Although this article (1) is nearly four years old, it emphasizes an important concept in pain management that is instrumental to improved experience whenever pain is present. In the HCAHPS survey sent to hospital patients throughout the US after hospital discharge, there has been a change in the question regarding patient satisfaction with pain management. Rather than focusing on the patient's interpretation of 'How often was your pain well-controlled?', the new question asks 'How often did hospital staff talk with you about how much pain you had?'.


Critics to this new approach often site that this sends a signal to providers that they should talk to their patients about their pain rather than actually treating their pain. Honestly, the action of talking about pain is an integral first step to the pain treatment in itself. But it doesn't end there. Of course, the expectation is that rather than just talking to patients about their pain, this improved dialogue would then allow the provider to better understand the pain experience and tools could be used to make changes towards improved pain management and subsequent functioning.


However, this is overly simplistic and we, as medical providers, need additional tools. We are not often taught how to 'talk to patients about their pain' in a meaningful way. Some of us do it quite well, others not at all. I would argue that patient's pain experience not being validated by a medical provider is the biggest set-up for poor patient satisfaction.


Stay tuned to this site for additional information on a practical tool to use at the bedside toward this goal. In the meantime, here are some of our recommendations to get the conversation started.

(Viewpoints below are those of PreEmpt Pain and have not been endorsed by the US Pain Foundation).


-review all pain scores over the past 24 hours; note if there is a pattern (worse at night, when up and ambulating, with a medical intervention?)


-ask the patient about their comfort goal (the level of pain above which the patient finds it difficult to rest for short periods, meet activity goals of physicians, meet with visitors, perform ADLs)

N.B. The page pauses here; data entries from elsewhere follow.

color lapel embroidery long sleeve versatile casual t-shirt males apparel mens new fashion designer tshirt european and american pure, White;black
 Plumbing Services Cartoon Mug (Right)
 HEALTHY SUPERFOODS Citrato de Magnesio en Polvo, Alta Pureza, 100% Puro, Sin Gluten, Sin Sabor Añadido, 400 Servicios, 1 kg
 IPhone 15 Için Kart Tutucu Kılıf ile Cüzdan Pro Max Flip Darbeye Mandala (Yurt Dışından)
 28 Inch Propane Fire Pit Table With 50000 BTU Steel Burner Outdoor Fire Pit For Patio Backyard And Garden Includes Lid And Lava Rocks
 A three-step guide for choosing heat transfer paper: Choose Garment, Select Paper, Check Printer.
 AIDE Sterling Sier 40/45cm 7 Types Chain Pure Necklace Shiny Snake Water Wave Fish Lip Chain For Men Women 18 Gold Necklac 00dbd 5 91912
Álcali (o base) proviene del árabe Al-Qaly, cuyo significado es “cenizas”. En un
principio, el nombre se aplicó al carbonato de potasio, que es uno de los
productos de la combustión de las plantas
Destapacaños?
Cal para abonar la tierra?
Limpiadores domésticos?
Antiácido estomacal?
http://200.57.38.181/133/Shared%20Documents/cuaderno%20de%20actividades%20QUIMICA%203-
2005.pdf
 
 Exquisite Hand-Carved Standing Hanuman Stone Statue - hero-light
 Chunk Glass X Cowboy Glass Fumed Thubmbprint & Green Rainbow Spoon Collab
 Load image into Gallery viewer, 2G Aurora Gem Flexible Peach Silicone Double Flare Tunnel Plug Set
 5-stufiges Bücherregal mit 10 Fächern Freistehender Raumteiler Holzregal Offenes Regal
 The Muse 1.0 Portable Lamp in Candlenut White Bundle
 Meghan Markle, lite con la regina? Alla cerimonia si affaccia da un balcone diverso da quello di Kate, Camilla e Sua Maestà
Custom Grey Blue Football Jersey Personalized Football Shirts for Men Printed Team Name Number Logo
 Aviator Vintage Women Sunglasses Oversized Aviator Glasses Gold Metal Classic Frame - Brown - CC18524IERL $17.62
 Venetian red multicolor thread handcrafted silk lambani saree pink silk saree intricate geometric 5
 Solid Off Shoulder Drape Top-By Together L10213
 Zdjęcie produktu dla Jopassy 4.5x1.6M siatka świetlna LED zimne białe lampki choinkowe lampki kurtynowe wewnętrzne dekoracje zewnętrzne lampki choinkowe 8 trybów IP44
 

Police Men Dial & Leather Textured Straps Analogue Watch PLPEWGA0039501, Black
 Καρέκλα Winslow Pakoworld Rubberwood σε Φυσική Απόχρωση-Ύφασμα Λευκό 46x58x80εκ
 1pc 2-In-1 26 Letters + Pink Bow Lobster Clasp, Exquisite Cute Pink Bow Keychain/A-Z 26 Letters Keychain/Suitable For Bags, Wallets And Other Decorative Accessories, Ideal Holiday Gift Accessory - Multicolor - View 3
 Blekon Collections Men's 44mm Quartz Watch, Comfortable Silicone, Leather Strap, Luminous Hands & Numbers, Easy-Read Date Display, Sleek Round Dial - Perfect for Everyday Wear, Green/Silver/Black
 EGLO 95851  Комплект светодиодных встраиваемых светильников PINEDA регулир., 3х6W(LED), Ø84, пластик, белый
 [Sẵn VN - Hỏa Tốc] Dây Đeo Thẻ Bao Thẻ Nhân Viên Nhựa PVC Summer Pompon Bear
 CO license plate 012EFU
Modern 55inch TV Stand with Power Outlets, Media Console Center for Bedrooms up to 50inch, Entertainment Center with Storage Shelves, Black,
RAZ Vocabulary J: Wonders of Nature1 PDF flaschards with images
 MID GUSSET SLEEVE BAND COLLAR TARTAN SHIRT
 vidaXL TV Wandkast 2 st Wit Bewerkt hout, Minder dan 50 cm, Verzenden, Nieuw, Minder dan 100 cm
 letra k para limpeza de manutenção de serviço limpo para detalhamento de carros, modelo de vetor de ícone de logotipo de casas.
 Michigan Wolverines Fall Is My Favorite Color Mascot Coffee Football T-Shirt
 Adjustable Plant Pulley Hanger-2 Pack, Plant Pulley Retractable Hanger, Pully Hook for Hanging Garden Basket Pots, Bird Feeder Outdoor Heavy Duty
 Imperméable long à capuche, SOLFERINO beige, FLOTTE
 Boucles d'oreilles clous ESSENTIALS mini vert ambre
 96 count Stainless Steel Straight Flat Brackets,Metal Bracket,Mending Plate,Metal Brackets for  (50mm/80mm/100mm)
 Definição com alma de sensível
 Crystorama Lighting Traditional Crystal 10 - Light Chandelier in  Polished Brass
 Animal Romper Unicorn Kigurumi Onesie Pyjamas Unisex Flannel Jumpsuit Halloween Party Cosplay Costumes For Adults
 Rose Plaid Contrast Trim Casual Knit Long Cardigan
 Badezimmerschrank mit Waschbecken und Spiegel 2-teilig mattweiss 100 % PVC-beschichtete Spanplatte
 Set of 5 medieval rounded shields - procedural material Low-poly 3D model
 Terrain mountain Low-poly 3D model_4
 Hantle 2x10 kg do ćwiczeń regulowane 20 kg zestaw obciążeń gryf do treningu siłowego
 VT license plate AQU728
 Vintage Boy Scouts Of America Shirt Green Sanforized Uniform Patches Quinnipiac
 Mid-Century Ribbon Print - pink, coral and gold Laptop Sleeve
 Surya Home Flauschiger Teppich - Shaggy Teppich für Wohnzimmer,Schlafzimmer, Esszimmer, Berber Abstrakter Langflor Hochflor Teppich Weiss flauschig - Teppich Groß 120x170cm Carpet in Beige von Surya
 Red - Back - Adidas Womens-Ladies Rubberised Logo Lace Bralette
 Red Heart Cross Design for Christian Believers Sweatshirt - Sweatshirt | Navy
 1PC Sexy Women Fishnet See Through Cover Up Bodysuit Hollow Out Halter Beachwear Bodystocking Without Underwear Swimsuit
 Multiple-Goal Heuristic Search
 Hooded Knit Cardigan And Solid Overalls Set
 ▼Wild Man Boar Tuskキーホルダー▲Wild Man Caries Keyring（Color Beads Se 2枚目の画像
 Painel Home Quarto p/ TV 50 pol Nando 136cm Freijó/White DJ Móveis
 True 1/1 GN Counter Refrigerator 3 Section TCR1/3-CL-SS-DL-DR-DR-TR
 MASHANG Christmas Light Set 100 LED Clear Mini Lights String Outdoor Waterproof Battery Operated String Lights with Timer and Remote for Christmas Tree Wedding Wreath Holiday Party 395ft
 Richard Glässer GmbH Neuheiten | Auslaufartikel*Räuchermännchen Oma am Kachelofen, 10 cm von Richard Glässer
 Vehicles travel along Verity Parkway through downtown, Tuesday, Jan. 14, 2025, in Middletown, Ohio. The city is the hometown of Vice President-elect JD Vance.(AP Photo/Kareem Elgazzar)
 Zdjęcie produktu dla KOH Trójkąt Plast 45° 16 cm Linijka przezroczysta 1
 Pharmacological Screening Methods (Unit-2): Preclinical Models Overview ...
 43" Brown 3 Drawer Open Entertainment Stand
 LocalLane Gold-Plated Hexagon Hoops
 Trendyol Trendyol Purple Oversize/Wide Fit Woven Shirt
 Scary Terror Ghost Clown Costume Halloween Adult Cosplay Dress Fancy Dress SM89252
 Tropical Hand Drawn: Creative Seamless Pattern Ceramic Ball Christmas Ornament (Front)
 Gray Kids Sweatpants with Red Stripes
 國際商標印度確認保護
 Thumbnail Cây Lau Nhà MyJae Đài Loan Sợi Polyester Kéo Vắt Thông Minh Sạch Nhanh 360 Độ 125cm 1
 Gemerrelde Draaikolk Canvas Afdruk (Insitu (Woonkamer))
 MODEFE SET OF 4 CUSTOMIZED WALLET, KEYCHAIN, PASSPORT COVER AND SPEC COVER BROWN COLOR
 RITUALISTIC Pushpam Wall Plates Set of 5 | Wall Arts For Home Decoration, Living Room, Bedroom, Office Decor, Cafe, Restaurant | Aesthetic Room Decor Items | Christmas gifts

-ask if it is 'just pain' or if there are bothersome side effects contributing to their discomfort (nausea, vomiting, itching, caffeine-withdrawal headache, Foley catheter)


-ask if anything worries them about their pain (and then reassure them if this pain is expected)


-tell them you will do everything to balance their comfort and their safety (and then make a good plan)


-ask them if there is anything you should do different

-And stay tuned to this site for how you would respond to a patient if they ask you to

escalate treatment in a manner you were not expected to


Now your turn. How do you engage your patients to share their pain experience so you can provide best care?